1964 AMC 12/AHSME, 1
Tags: logarithm
What is the value of $[\log_{10}(5\log_{10}100)]^2$? ${{ \textbf{(A)}\ \log_{10}50 \qquad\textbf{(B)}\ 25\qquad\textbf{(C)}\ 10 \qquad\textbf{(D)}\ 2}\qquad\textbf{(E)}\ 1 } $

2009 Harvard-MIT Mathematics Tournament, 2
Tags: hmmt , complex number , logarithm
Let $S$ be the sum of all the real coefficients of the expansion of $(1+ix)^{2009}$. What is $\log_2(S)$?

1996 AIME Problems, 2
Tags: floor function , logarithm
For each real number $x,$ let $\lfloor x\rfloor$ denote the greatest integer that does not exceed $x.$ For how many positive integers $n$ is it true that $n<1000$ and that $\lfloor \log_2 n\rfloor$ is a positive even integer.

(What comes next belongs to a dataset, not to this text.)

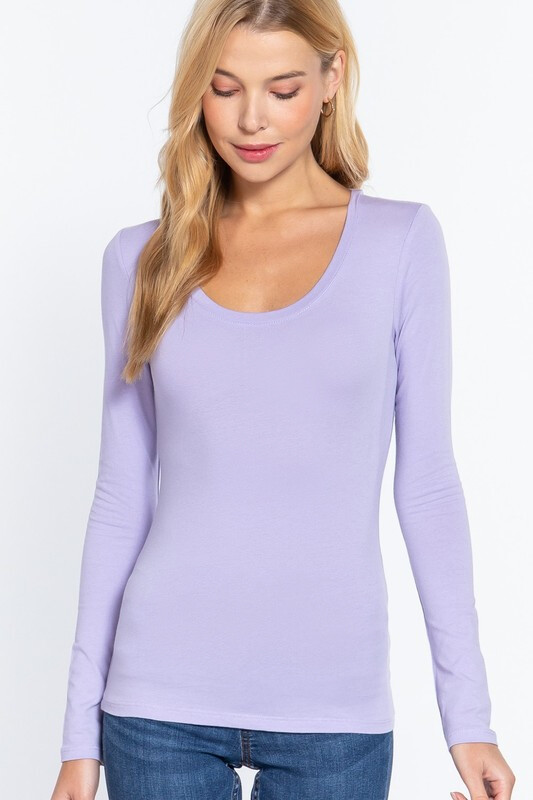Women's Basic T-Shirt Scoop Neck Cotton Long Sleeve Solid Knit Plain Top Fitted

2005 Today's Calculation Of Integral, 15
Tags: calculus , integration , trigonometry , calculus computations , logarithm
Calculate the following indefinite integrals. [1] $\int \frac{(x^2-1)^2}{x^4}dx$ [2] $\int \frac{e^{3x}}{\sqrt{e^x+1}}dx$ [3] $\int \sin 2x\cos 3xdx$ [4] $\int x\ln (x+1)dx$ [5] $\int \frac{x}{(x+3)^2}dx$

2010 Contests, 1
Tags: function , prime number , arithmetic sequence , number theory , logarithm
Let $f:\mathbb N\rightarrow\mathbb N$ be a non-decreasing function and let $n$ be an arbitrary natural number. Suppose that there are prime numbers $p_1,p_2,\dots,p_n$ and natural numbers $s_1,s_2,\dots,s_n$ such that for each $1\leq i\leq n$ the set $\{f(p_ir+s_i)|r=1,2,\dots\}$ is an infinite arithmetic progression. Prove that there is a natural number $a$ such that \[f(a+1), f(a+2), \dots, f(a+n)\] form an arithmetic progression.

1992 Brazil National Olympiad, 2
Tags: number theory , logarithm
Show that there is a positive integer n such that the first 1992 digits of $n^{1992}$ are 1.